**** Record extracts ****

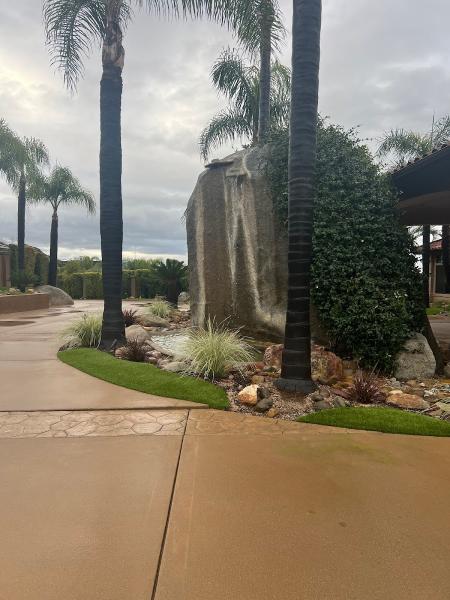 Synthetic Lawn Solutions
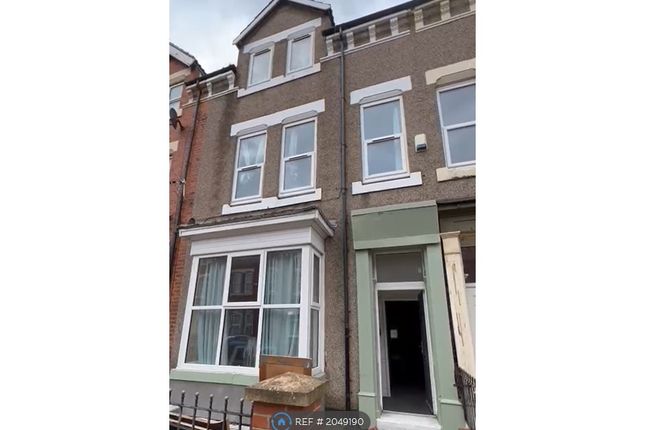 Terraced house to rent in Hartington Road, Stockton-On-Tees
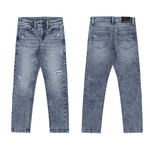 Mayoral Mayoral - Ripped Denim Jeans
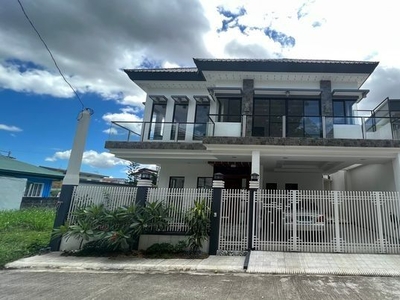 For Sale House & Lot in Filinvest East Cainta near Marcos Highway Antipolo on Carousell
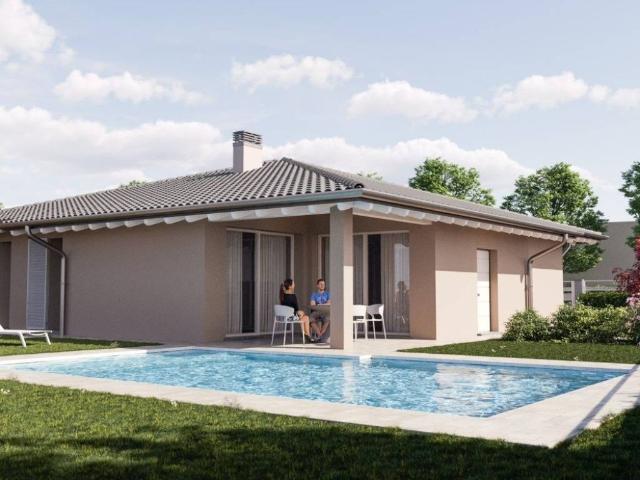 Villa in vendita a Gossolengo PC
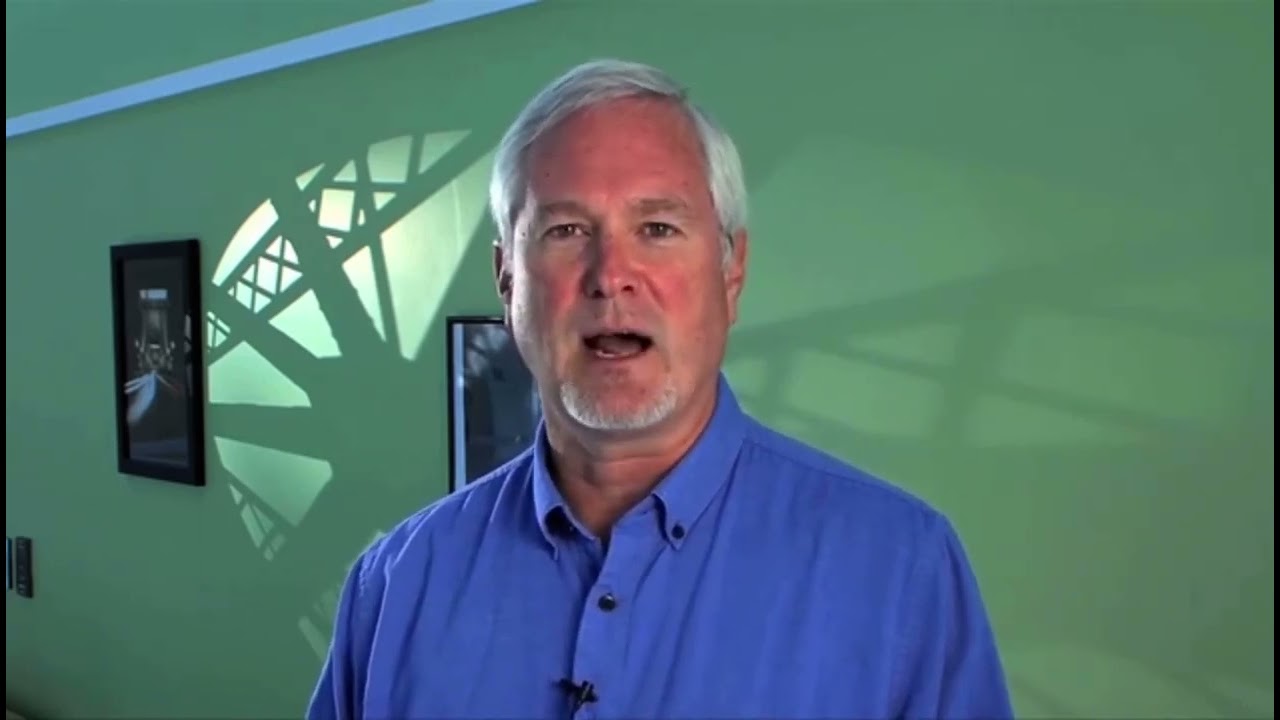 Jim G. Interview 2011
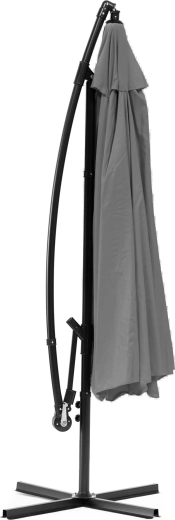 Plynulé ovládání a nastavení sklonu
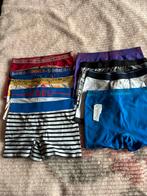 Boxershort, maat 128, goede staat , 2€ stuk of 9 stuks v.13€, Kinderen en Baby's, Kinderkleding | Maat 128, Ophalen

****

The output must match the records word for word, except that no pictures appear.

 Synthetic Lawn Solutions
 Terraced house to rent in Hartington Road, Stockton-On-Tees
 Mayoral Mayoral - Ripped Denim Jeans
 For Sale House & Lot in Filinvest East Cainta near Marcos Highway Antipolo on Carousell
 Villa in vendita a Gossolengo PC
 Jim G. Interview 2011
 Plynulé ovládání a nastavení sklonu
 Boxershort, maat 128, goede staat , 2€ stuk of 9 stuks v.13€, Kinderen en Baby's, Kinderkleding | Maat 128, Ophalen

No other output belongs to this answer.